ズン!っと音を立てて扉が通路に転がると、俺達は保管庫の中に入っていった。

3m位の金属製の籠の中に、色々な物体が保管されている。

 

 「BGが20倍程に上昇しています。但し汚染は確認出来ません。密封は完全なようです。」

 「どれが、俺達が探しているものか判る?」

 「たぶん、あの網籠バードケージだと思いますが、調べてみますね。
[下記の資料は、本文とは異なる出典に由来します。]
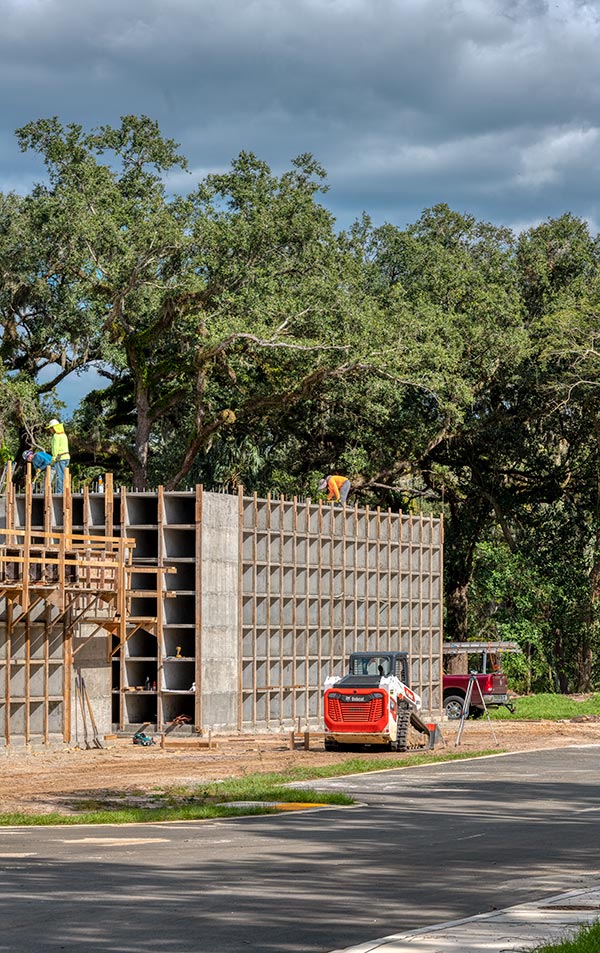 Construction of the first mausoleum complex at Resurrection Cemetery, 10668 East Sligh Ave., Seffner, FL 33610 (East Sligh Ave. and Williams Road). The first phase includes 1,784 spaces for caskets and 1,776 niche spaces for cremains. Completion of the on-site office is set for January 2022 and completion of the first mausoleum and crypt building is set for Spring of 2022.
」


 ディーはそう言うと部屋の隅にある直径50cm、長さ2mのシリンダー横になって入っている網籠バードケージに向って歩いて行った。

 「何か、あれだけ他と違ってない?」

 「あぁ、他は球状だけど、あれはシリンダーだよな。確か最初の原爆はガンバレル型だと先生が言ってたぞ。哲也が最初の原爆はウランを使ったと言っていたからあれで良いはずだ。」


 少し経ってディーが俺達の所に戻って来た。

 「U-235を使ったガンバレル型の原爆です。問題を見つけました。爆圧を作るための炸薬とその制御装置が着いていません。ウランは2つに分離しており水銀でバレル内が満たされています。衝撃で2つが接近する事はありません。核爆発する直前に水銀を取り出す事も必要になります。」


 ガンバレルならではの安全策という事だな。

 これは、カラメル族と相談せねばなるまい。しかし、ここから、どうやって持ち出すかだな。どう考えてもかなり重そうだぞ。


 「ディー、ところで運べそうか?」

 「重量約800kgです。階段に苦労しそうですが、斜路にして運べばどうにかなると思います。」

 そう言って、台車を袋から取り出して、よいしょと網籠バードケージごと核爆弾を台車に載せた。

 後は固縛用のベルト数個でしっかりと台車に固定する。


 ゆっくりと倉庫から出ると、3人で台車を押していく。

 途中で休憩を取ると防護服を脱いだ。意外と蒸れるから余り長時間は着ていたくないんだ。